Nous dirons plus loin ce que nous devons â Pestalozzi dont on connaît la vie tourmentée et que ni les déboires accidentels, ni la bêtise humaine, ni l'incompréhension passagère, ni les brimades n'ont jamais assagi.

Il est indéniable que nous, non plus, n'avons pas pris le chemin de la facilité et que notre succès actuel lui-même ne nous y fait point rentrer.
Nous pourrions avoir une bonne petite revue pédagogique d'avant-garde où l'on évite prudemment les questions brillantes — mais seules fécondes — pour discuter seulement théoriquement, scolastiquement et intellectuellement des grandes idées générales pacifiques qu'on savoure au coin du feu... Et nous aurions des abonnés et des lecteurs, plus sans doute qu'avec notre formule dynamique.
Mais quelle serait alors notre raison d'être à nous qui avons délibérément éliminé de nos mobiles le bénéfice capitaliste ?
Nous aurions pu aussi exploiter sagement, comme tant d'autres, nos innovations et nos découvertes, mais sans prétendre en faire un levain pour une permanente fermentation.
Nous sommes restés et nous restons en fermentation. Plus les problèmes sont difficiles, plus nous nous y attaquons parce que ce sont ces problèmes-là justement qui ont le plus besoin de nos efforts. Les originaux, les chercheurs, les insatisfaits pédagogiques, les créateurs qui ne savent point se plier aux conformismes dominants, nous nous les attachons par les possibilités d'action et de réalisation que nous leur offrons. Ah ! ils ne sont pas toujours commodes; ils ne sont pas des béni-oui-oui. Mais ils ont de l'idéal et du caractère. Et c'est avec ce matériau qu'on construit.

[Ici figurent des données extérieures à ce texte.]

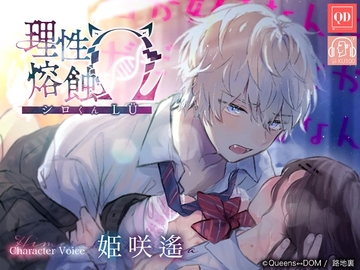 【蜜恋发情交尾×共依存×绝对溺爱】理性熔蚀Ω -白君LÜ-【使用KU100麦克风】 [Queens↔DOM]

Mais avec un tel public, avec de tels coopérateurs, voyez aussi la quantité, l'ampleur et la profondeur (les idées qu'on remue dans tous les domaines. Et dans ce dynamisme, avouons les uns et les autres qu'il n'est pas toujours facile de faire régner l'ordre factice qui caractérise d'autres groupements. Ce qui nous a sauvés jusqu'à ce jour — et qui nous sauvera définitivement — c'est notre complet dévouement à l'œuvre commune à réaliser, et, dans notre marche en avant, le respect maximum de la personnalité, des idées, des sentiments, des tendances et des besoins de ceux qui s'agrègent à notre mouvement,
C'est par la discussion au grand jour, par l'extériorisation de nos doutes ou de nos critiques, par la discussion loyale et totale que nous maintenons la cohésion qui fait le succès de notre C.E.L.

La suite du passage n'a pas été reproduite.